The Messenger was a particularly spectacular failure, but it also highlights how desperate the media industry has become to find a viable business strategy, especially at scale. Various pivots—notably to video via Facebook and YouTube, and audio via podcasting—led to brief windfalls. Both have dried up in recent years, thanks to tech companies’ dominance in advertising, their lies about revenue and audience potential, and the general glut of content.
Subscriptions and membership plans offered another possible path—albeit one that would have been difficult to pursue for a new outlet of The Messenger’s size and ambition. But this model has its risks too. The Washington Post expanded dramatically thanks to a boom in Trump-era subscriptions, but those declined precipitously in recent years, leading to a wave of cancellations and then, last month, buyouts. Now, the Times seems like the only large, mainstream outlet built on this model—and its robust subscription numbers owe as much to non-journalistic offerings (puzzles and recipes) as they do to stories.

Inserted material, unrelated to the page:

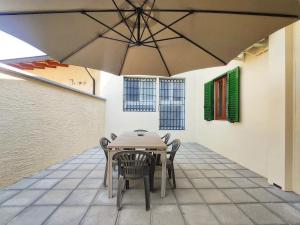 a table and chairs under an umbrella on a patio at Casa Michelangelo in Certaldo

There are larger economic problems as well. Not long ago, digital startups could survive by pivoting to the latest revenue model, as long as they could continue raising money from investors with promises of continued growth. This was, in retrospect, a phenomenon of the zero-interest-rate era. Now that capital actually costs something for investors, they’re far less likely to throw money at risky ventures like digital media. (This has also played a role in the decline of advertising. Recently, digital news outlets could rake in cash from Silicon Valley start-ups promising to disrupt the underwear industry. Now venture capitalists are being more careful, and there’s less ad money being thrown around to raise brand awareness of start-ups.)